Of course, her biography was written in German and published locally in Vienna. Some would argue that she was countering the arguments that their life was glamorous in America, while Hitler ran rough-shod over the locals. Yes – she and her husband were aware that in the eyes of those who stayed, his work had somehow become tainted by Hollywood’s naked commercialism. But their return to Europe was ambivalent and it would have been more natural to have amplified Korngold’s American successes than diminishing them. It is this lack of Hollywood triumphalism in the correspondence and recollections of Korngold, Toch, Zeisl, Eisler and others that so firmly underlines this idea of lost time and lost work.
But history cannot be made up of ‘what ifs’. One can speculate that if Hitler hadn’t happened, perhaps Korngold would have gone the way of his friend Wilhelm Grosz and cashed in on his talent for writing popular music. Perhaps this would have led him to Berlin’s UFA studios instead of Hollywood. Perhaps he would become the leading exponent of a post-Franz Lehár generation of operetta composers. Certainly the leap from Das Wunder der Heliane to Die Kathrin suggests an organic move away from main-stream serious opera. His many operetta arrangements would not have been without influence. Yet after his Hollywood years he wrote a String Quartet, a Serenade and a Symphony, a violin concerto, Theme and Variations for orchestra, a selection of art songs and something called Straussiana. All of this seems to point towards a return to the musical soil of his youth – a return to classicism in structure; nostalgia in content. His final stage work is appropriately entitled The Silent Serenade. It would seem ungrateful to suggest that the Symphony in F-Sharp is a mishap of history. Certainly I’m not suggesting that it’s not a magnificent and much misunderstood work. But circumstances forced Korngold to turn backwards and take refuge in a past that offered more cultural identity than organic development as a Composer.

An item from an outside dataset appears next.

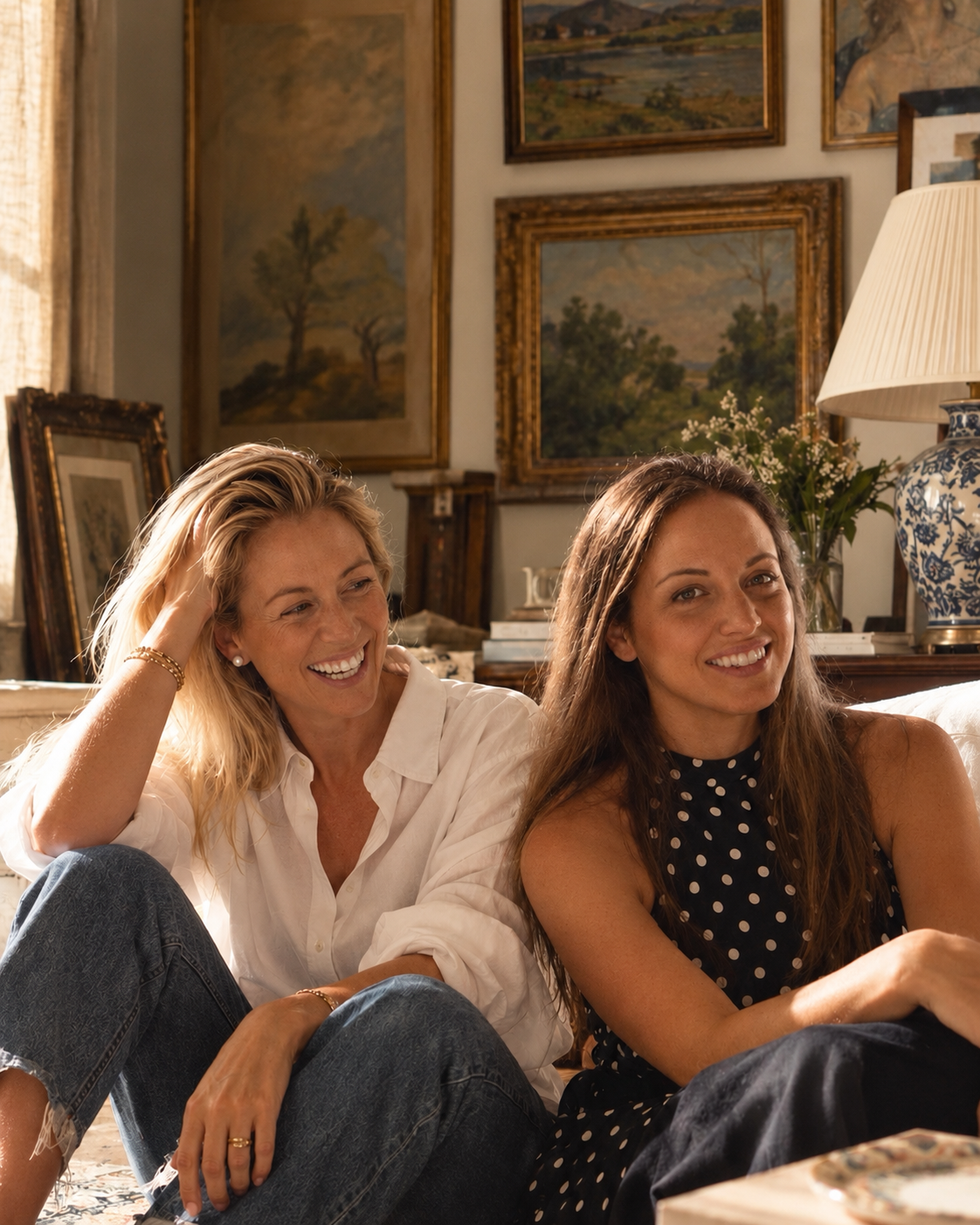 Domi and Nour at home, surrounded by paintings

The almost panic-stricken need to return to Viennese classicism in name if not in deed is evident in the many symphonies, concertos and quartets that composers thrown out of their home countries began to write after 1945. Again, it suggests a refuge for a creative identity rather than an organic transition as artist. But how can such things be quantified? Karl Rankl, Egon Wellesz, Hans Gál, Karol Rathaus, Ernst Toch and Erich Korngold wrote symphonies after leaving Vienna and Berlin. All of them are works that despite their undoubted qualities are never performed. These were not works meant for a public, but attempts to reclaim the cultural identity they felt had been robbed. There is little that is strictly neo-classical about these returns to Germanic traditions. But one thing seems quite certain; these are not developments that would have occurred had they not been forcibly transplanted and it is this discrepancy that has been too little examined.